Donald Hasson [18:43] It's funny, because it's actually a pretty rare event. And usually it's the more enterprise level customers where you're doing a QBR, we're sharing our roadmap. If we're lucky, they'll share their roadmap, and we try to do some level of alignment. And as you can expect, we're only one vendor for all of the things we're thinking about. You get a little bit, but you can at least start to think about, get more context for their world. And then of course, there's enough occasions where there's value that we're either thinking about or actively building, that we can say we can help you on one or two things that you've shown there.
Even on our best days, we have our roadmap, and I've been guilty of this in my career as well. I walk the roadmap, I get validation that they're interested in a few things, and I go maybe a little bit deeper. But that's our world. That's a very narrow view of things. It doesn't take a lot to be in their world for a little bit.
Obviously roadmaps are one. Setting aside all notions of, of course, going on site really gives you context. It's amazing. We can spend so much time sort of rationalizing and working through our own roadmaps. You spend 10 minutes with a customer and you're like eyes wide open. You go on site, you watch them use your product, and it's amazing to see the difference between our best demo environments — we try to make them as real as we can — and test environments and a customer. At the end of the day, they make it work for their work, and you start to see some really interesting things.
So I think tying it back to the roadmap conversation, those play out in the roadmap as well, because the roadmap for them, their internal roadmap, is what their IT or security or identity department, what they're thinking about for the next 12 months. They have done the work, just like product people are doing. These are the five or six highest priority things, the things they're going to put their valuable, precious resources towards. That means we need to be aware of that, if not thinking about ways we can help them, because no matter where we were on their list, those are the highest priority things where we can be potentially providing the most value. Those are where you start to find the biggest, what I think about as the biggest levers. We can increment our product, we can adjust things to make it a little bit easier for them. But when you start to see this new world that's outside of where you are but close enough to what your product could solve for, that's a major stepwise function. That's a major change in what value your product can bring to those customers.
So to me, I use this a lot, it's all about the context, being in their world. A colleague of mine used to joke about, we want to know our customers better than their mothers do. What motivates them, what drives them, what gets them excited about their work? Because kind of back to all the other conversation, at the end of the day there's still an emotional aspect of what they're doing. We want to know what that is so we can help shore that up for them and provide value in an area that is something that's going to drive some emotion, that's going to drive value, that's going to make them be able to celebrate what they're doing, make them look good to their organization and to their leadership. Those are all important things. The context is so critical.
Rahul Abhyankar [21:49] Talking about roadmaps, we can look at time as an enemy or time as a friend. How do you look at time?
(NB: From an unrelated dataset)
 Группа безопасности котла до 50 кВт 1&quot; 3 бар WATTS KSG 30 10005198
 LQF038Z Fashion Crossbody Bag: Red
Donald Hasson [21:56] Oh, I love this topic. So our new CEO, John Bennett, he joined just about a month or so after I did last year, and he is famous for calling it beautiful constraints. By the way, not just time, but obviously resources, other resources as well. But time is certainly the one that we think the most about, because resources are not nearly as flexible. Over the years, of course, back in the early days, we're doing releases maybe every six months or something like that. For a variety of reasons, you put those constraints, but there's such long horizons. Sometimes releases have been planned out a year, year and a half in advance. It takes us six months to build the thing.
Now we're in a place where it's all about thinking about the smallest possible slice that we can build, but then time boxing. In the sort of four quadrants, you have the resources, you have quality, you have scope, and you have time. Quality, we say, is fixed. We have a very high bar for quality. Resourcing, yes, you have some fungibility around that. We try not to move that too much, it could be disruptive. It really comes down to time and scope. And of course, you have a tradeoff. You can say you're going to fix scope and then time is however long it takes, or you fix time and scope. You could do a blend of the two, but that can get a little bit messy.
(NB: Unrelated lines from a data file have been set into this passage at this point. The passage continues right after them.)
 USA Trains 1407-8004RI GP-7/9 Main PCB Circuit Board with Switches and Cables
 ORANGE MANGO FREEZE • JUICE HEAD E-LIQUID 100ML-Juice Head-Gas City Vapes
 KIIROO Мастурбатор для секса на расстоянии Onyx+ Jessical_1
So the way that I've set this up is, we all work better in small increments. Everything we do, long-term life goals, you've got to break it down into something that's yearly or monthly or weekly or even daily, to think about the increment you're going to take to move towards this big thing. So it's a small step in a big direction. And then by the way, let's not forget that there's a snowball effect that happens. So the virtuous cycle, we build something, we learn from it, we tweak it, we build a little bit more, we tweak it, and this grows into this thing that all of a sudden is a very innovative solution starting out of something very small.
We're still humans and we like to see successes soon. We don't want to wait for them. So I would much rather get a small feature out once a month, get really good feedback on it, and feel that success and feel that accomplishment across all the teams than wait six months to get that same thing, even if it's way better in six months. If I do six one-month increments, it will be 10 times better than one six-month increment, no matter what.
Now the first couple, one of the things that I've had to work with the teams across the board, by the way, not just product engineering, but sales, marketing and CX, the first couple are not going to necessarily hit the mark, but here's what we're trying to, the story we're trying to tell, here's where we're going with it. And so if it doesn't give us that feedback, we'll quickly iterate. We may do fast follow, we may do the next month. The aspect of keeping the time fixed and limiting the scope is one of the harder things, because what happens, especially for the teams, is when you get into the, they are deep into this feature, they're getting excited about it, they see the vision, what the potential of this thing, and they just want to keep going. They want to keep building this cool thing and go to the next level.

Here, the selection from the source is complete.